Debrief — Truth Spoken Only After Exposure
This is the moral core of Carney’s speech, yet it also exposes its central contradiction. Western governments consistently applied double standards, sanctioning Russia while purchasing its energy and penalising India for identical behaviour. Now, faced with economic intimidation from Washington, Canada invokes consistency and truth.
Critiques argue this not as a principled shift but as a reaction to vulnerability. Western leaders will not apologise to Global South nations for decades of coercion. Instead, they will relabel survival instincts as enlightened realism.
Fiction Acknowledged, Not Repented
Mark Carney’s Davos speech represents a significant admission that the rules-based international order functioned as a “useful fiction.” It delivered stability and prosperity to its beneficiaries while enabling wars, sanctions, and economic coercion against weaker states. Nations such as India experienced this imbalance firsthand when neutral economic decisions attracted disproportionate punishment.

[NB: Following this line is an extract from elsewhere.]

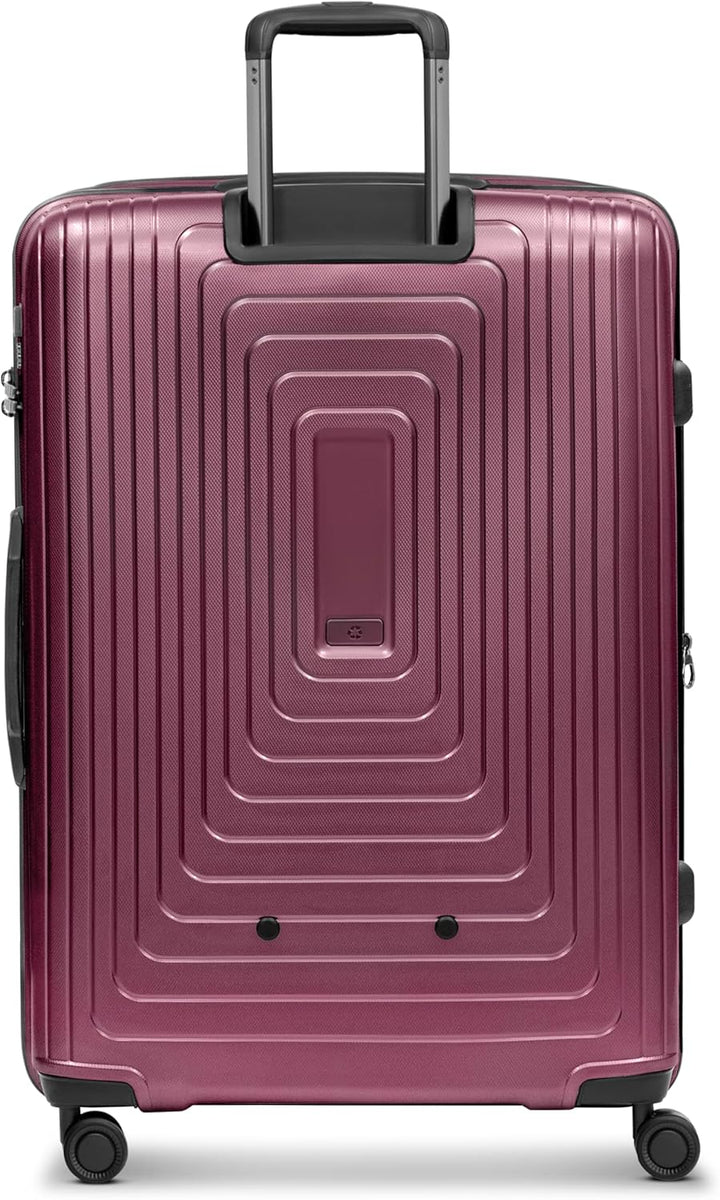 REDOLZ Hartschalen Koffer-Set-2-teilig | S Trolley 40 x 23 x 55 cm mit Laptopfach - 3,2 kg + L Troll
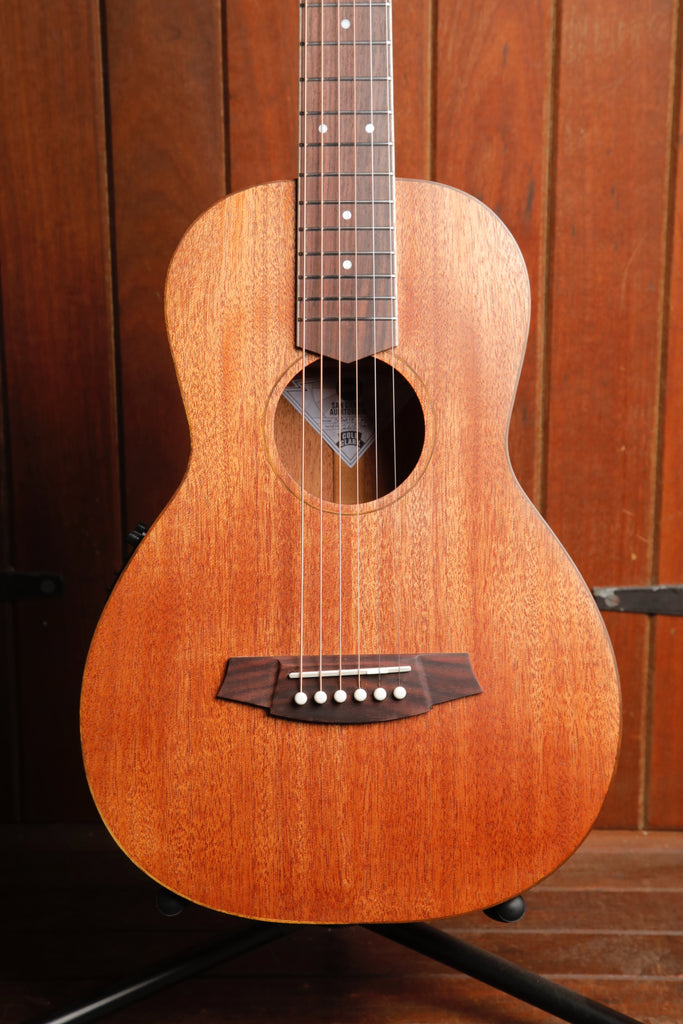 Cole Clark SPM1E-MMAH Mahogany Studio Parlour Mini Acoustic-Electric Guitar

As the United States increasingly turns its coercive tools inward, targeting even allies, the fiction is becoming unsustainable. Carney’s call for values-based realism may resonate with middle powers, but for much of the Global South, it confirms what was already known. The system was never neutral. Whether this rupture leads to a fairer multipolar order or simply a rebranded hierarchy remains the unresolved question.